Folha – O filme foi exibido em muitos países. Em geral, como avalia sua recepção?

Galindo – Na América Latina, eu o projetei na Argentina, no Chile e no Peru e o impacto foi interessantíssimo, pois houve muita simpatia e muito debate em torno das propostas. Me surpreendeu que a denúncia sobre a mulher estuprada por um político importante do partido do governo, na Assembleia Legislativa de Sucre, tenha causado interesse, quando pensei que essa seria uma passagem muito local.

Acho que as mulheres latino-americanas estão falando um mesmo idioma, há uma latência muito importante que a imagem acompanha muito bem.

Folha – Como foi sua última passagem por São Paulo, durante a Bienal?
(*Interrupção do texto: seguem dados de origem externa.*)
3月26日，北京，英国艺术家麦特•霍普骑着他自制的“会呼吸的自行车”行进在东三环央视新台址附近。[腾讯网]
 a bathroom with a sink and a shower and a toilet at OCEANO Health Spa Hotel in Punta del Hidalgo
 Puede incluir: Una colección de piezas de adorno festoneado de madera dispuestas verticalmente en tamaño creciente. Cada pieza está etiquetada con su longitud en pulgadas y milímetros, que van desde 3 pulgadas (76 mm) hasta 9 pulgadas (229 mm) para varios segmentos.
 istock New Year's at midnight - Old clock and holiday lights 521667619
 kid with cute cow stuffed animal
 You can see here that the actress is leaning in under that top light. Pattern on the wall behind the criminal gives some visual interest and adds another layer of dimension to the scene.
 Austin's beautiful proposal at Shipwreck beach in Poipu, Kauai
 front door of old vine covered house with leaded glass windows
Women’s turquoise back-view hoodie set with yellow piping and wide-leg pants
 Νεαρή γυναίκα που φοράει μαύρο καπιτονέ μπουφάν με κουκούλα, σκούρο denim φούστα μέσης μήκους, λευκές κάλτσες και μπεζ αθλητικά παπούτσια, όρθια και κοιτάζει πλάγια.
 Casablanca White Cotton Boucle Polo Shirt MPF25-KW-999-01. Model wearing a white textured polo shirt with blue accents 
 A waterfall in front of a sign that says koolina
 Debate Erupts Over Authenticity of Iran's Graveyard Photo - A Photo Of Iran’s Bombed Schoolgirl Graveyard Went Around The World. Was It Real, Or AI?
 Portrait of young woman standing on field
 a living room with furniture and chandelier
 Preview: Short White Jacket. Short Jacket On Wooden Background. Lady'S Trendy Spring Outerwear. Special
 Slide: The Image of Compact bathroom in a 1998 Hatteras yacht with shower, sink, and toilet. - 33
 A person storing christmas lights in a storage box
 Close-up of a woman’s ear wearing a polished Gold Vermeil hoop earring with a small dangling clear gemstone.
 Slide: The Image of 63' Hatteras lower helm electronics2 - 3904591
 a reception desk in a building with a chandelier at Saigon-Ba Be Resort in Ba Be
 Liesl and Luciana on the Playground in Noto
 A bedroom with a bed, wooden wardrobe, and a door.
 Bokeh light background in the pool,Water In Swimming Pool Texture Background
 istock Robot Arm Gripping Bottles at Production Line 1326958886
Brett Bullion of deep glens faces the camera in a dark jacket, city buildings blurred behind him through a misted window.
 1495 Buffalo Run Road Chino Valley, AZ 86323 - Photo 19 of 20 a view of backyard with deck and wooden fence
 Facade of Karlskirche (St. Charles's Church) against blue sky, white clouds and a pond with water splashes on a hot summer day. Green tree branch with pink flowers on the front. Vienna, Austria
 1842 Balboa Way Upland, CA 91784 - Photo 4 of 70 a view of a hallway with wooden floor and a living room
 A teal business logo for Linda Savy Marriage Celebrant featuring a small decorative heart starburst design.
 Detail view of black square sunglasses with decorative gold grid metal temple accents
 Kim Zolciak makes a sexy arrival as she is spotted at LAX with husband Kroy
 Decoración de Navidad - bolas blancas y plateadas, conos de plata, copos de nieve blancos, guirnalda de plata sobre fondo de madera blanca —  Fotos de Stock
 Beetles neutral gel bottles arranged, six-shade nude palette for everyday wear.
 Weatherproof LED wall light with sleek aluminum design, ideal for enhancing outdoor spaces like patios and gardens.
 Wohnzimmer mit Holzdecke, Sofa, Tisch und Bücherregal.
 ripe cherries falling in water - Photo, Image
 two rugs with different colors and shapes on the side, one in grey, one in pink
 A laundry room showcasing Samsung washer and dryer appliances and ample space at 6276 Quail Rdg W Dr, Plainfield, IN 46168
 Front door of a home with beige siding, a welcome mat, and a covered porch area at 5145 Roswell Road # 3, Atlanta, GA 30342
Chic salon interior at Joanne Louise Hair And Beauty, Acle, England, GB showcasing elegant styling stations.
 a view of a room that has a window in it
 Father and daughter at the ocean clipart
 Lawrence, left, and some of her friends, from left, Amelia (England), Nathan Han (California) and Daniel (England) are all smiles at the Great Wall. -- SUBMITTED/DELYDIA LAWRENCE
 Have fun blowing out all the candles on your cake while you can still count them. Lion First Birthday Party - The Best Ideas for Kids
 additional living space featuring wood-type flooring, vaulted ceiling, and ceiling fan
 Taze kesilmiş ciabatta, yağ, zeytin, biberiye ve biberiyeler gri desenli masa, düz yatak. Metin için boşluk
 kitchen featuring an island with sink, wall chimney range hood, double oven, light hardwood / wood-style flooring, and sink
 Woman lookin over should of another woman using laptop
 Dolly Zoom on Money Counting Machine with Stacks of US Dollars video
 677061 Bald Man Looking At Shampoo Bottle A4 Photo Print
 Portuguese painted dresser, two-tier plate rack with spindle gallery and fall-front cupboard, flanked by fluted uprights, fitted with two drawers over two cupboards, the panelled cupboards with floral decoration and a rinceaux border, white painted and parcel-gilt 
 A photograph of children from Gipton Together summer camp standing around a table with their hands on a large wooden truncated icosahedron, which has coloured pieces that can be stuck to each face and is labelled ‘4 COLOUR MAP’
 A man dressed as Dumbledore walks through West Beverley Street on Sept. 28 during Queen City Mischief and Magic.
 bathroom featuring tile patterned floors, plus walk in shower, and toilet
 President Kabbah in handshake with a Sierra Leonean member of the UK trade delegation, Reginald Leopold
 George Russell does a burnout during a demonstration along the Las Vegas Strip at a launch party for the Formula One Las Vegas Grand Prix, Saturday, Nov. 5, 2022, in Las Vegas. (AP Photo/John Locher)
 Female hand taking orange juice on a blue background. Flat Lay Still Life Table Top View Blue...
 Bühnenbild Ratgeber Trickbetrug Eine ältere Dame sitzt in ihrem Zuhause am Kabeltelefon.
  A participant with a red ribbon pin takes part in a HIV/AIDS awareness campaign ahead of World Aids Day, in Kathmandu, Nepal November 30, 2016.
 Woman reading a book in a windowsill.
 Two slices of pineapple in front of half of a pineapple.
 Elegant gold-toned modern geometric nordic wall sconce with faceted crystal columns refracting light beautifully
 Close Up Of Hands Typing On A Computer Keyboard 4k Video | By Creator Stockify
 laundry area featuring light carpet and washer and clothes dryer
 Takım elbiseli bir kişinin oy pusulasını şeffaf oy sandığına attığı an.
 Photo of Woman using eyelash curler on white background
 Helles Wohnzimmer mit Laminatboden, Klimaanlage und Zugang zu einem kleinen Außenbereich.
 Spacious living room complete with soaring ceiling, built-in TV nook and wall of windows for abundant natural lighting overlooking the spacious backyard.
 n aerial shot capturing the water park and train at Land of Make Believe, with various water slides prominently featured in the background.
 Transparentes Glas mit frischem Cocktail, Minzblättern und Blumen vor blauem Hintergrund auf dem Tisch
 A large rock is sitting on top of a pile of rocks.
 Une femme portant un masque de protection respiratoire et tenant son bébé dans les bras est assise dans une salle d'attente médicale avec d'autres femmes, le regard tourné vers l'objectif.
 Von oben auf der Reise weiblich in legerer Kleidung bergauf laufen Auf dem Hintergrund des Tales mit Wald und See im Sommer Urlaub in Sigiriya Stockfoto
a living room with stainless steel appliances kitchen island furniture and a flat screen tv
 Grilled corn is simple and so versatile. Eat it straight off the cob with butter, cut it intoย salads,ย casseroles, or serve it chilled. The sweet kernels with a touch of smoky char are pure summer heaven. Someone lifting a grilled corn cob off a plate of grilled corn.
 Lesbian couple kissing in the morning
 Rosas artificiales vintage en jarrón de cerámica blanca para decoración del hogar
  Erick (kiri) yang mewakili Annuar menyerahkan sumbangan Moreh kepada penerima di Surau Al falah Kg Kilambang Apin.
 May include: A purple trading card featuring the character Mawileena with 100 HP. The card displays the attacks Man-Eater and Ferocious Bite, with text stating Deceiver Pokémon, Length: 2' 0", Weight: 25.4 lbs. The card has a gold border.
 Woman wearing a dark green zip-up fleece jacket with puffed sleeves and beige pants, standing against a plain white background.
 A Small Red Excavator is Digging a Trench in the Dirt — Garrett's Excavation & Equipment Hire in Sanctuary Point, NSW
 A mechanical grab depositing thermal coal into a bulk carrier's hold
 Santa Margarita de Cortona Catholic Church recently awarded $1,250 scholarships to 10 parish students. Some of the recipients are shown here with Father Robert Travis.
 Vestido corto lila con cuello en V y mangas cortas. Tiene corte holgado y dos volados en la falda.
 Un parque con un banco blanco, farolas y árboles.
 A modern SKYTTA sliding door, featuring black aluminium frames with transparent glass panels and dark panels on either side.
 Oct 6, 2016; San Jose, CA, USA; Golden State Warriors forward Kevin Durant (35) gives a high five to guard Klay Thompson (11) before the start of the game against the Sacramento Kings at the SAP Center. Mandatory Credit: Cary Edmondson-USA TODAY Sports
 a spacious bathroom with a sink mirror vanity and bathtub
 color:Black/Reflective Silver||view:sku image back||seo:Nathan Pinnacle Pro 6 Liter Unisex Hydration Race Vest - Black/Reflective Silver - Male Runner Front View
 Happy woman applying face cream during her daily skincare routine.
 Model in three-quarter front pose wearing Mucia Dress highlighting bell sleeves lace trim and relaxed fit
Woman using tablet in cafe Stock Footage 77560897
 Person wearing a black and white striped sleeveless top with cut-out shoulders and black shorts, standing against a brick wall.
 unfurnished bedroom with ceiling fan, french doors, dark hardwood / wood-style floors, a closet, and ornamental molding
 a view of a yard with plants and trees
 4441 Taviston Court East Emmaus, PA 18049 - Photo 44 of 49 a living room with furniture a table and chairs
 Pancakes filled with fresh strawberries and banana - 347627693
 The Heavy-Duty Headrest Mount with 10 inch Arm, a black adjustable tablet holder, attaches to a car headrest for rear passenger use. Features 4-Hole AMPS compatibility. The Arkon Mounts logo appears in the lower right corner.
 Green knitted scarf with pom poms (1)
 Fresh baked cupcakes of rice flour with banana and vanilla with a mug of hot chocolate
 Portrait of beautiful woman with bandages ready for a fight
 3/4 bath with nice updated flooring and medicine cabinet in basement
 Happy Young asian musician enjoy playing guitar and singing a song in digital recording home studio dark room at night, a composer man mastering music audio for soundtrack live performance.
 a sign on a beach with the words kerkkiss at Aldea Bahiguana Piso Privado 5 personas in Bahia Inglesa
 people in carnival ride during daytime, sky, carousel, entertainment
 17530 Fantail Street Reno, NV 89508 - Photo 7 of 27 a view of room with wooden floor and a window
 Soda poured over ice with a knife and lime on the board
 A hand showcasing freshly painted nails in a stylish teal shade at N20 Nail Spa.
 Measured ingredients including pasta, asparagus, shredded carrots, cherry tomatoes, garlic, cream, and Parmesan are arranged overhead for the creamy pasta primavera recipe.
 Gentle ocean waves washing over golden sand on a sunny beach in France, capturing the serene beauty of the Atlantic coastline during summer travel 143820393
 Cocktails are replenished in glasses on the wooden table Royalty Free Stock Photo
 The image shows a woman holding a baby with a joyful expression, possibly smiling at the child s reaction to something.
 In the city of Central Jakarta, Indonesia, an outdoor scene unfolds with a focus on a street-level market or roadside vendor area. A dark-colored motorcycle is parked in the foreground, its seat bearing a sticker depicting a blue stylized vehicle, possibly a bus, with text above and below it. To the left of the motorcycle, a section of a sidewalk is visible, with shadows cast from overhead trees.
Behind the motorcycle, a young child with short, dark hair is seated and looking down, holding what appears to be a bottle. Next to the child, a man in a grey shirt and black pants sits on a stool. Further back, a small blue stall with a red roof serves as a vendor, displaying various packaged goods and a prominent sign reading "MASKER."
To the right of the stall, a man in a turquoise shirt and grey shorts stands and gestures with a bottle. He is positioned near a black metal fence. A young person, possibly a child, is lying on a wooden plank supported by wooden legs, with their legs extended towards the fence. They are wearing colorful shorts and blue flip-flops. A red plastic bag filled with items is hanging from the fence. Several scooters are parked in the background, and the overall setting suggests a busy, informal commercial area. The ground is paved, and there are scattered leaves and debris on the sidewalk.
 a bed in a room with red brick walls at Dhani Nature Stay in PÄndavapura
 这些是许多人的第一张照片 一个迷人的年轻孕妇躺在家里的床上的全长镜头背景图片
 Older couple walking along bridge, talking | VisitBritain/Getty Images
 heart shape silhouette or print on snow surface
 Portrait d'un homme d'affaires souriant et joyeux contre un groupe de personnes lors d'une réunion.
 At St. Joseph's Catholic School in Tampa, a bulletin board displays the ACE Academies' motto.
Acha que os problemas apontados pelas mulheres brasileiras são muito distintos dos que veem no resto do continente?

Galindo – O grande apoio dos mais diversos grupos de mulheres à marcha realizada na abertura da Bienal foi o que mais me marcou da visita ao Brasil. Me impressionou muito a importante articulação cultural que há na periferia de São Paulo. Creio que houve incapacidade do governo de Dilma Rousseff de dar uma resposta há isso.

Também vi uma oligarquia intacta e muito poderosa.

Folha – Qual sua opinião sobre o referendo do próximo dia 21? As pesquisas dão uma diferença muito apertada, e indefinida, entre o sim _pró nova reeleição_ e o não _que significará o fim do mandato de Evo Morales em 2020. O que crê que pode acontecer?

Galindo – As políticas de cooptação dos meios de comunicação são muito asfixiantes. Temos não apenas os meios estatais como os paraestatais, além de uma perseguição velada a jornalistas críticos.

Com a nova Lei de Telecomunicações, Evo pretende fechar muitas rádios, e entre elas provavelmente a nossa, a do Mujeres Creando. A luta pela liberdade de expressão será seguramente uma das mais fortes neste ano na Bolívia.

Sobre o referendo, o cenário eleitoral revela uma polarização muito forte. Evo pode realmente chegar a perder o referendo, ou ganhar por uma porcentagem mínima, mas isso provocará uma mudança na forma de governar, mas ao mesmo tempo, o estilo atual dessa administração tem sido o de anular os espaços de dissidência e de debate.